Fabien Engelmann : Non, je suis serein. Nous sommes encore dans le pays de Voltaire et la liberté d’expression est toujours d’actualité. Jusqu’à présent, j’ai certes reçu quelques menaces et insultes, mais il s’agissait de quelques individus particulièrement sectaires et englués dans la pensée unique.
Riposte Laïque : Comment as-tu vécu les Assises de Charenton, le 18 décembre ?
Fabien Engelmann : Comme une formidable journée fraternelle et républicaine. J’ai vraiment senti, lors de cette journée, le cœur du peuple de France, un peuple qui souffre d’être abandonné, sali et méprisé par ses élites. Je tiens à garantir que ce colloque n’était, en aucun cas, un rassemblement de gens d’extrême droite. S’y mélangeaient des gens de tous horizons, gauche, droite, apolitiques, syndicalistes, féministes, nationalistes et un certain nombre de musulmans laïques qui se sont dits inquiets des abandons de la République dans le domaine de la laïcité. D’ailleurs pour moi, le Front National n’est pas un parti d’extrême droite : c’est un parti populaire et national.

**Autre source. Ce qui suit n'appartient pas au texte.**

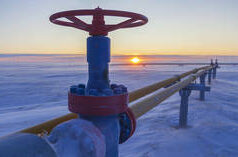 L’UE si muove per tagliare il gasoline russo: chi ne pagherà il prezzo?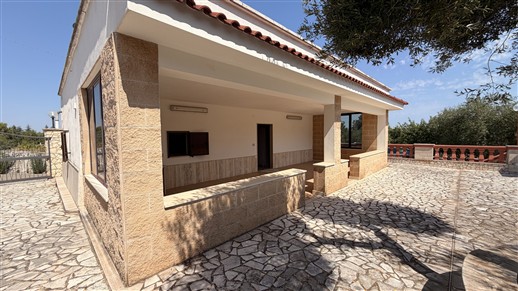 Villa Di 2 Vani, Veranda, Box. Ristrutturata, Ottimo Stato, Fotovoltaico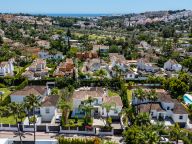 Villa for sale in Nueva Andalucia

Riposte Laïque : Te considères-tu toujours de gauche, après un tel engagement ?
Fabien Engelmann : Que veut dire être de gauche aujourd’hui, puisque que la gauche pratique quasiment la même politique que la droite ? Je me considère donc comme un citoyen républicain et laïque, au service du peuple et des Français. Voyez autour de vous le nombre de gens de gauche, comme de droite, qui déclarent ouvertement vouloir voter pour Marine le Pen. Il n’y a plus de tabou; le FN est désormais un parti politique qui fait partie du paysage, au même titre que les autres. Mon parcours peut vous paraître étonnant, mais en réalité il ne fait qu’illustrer un mouvement majeur de tectonique des plaques politiques, qui me dépasse largement.